Problem requirements
Your answer should be only the lines below from the one with "LEGO City Town" to the one with "Zapatillas para niños", repeated exactly, ends included.

Data under study
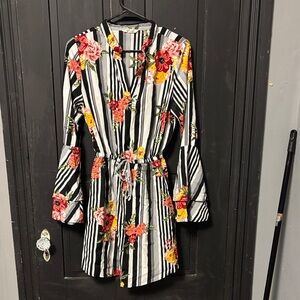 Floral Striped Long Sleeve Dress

...

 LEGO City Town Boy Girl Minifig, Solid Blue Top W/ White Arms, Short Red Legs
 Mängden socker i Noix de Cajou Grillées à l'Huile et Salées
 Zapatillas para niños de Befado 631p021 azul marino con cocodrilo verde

Response for this exercise
 LEGO City Town Boy Girl Minifig, Solid Blue Top W/ White Arms, Short Red Legs
 Mängden socker i Noix de Cajou Grillées à l'Huile et Salées
 Zapatillas para niños de Befado 631p021 azul marino con cocodrilo verde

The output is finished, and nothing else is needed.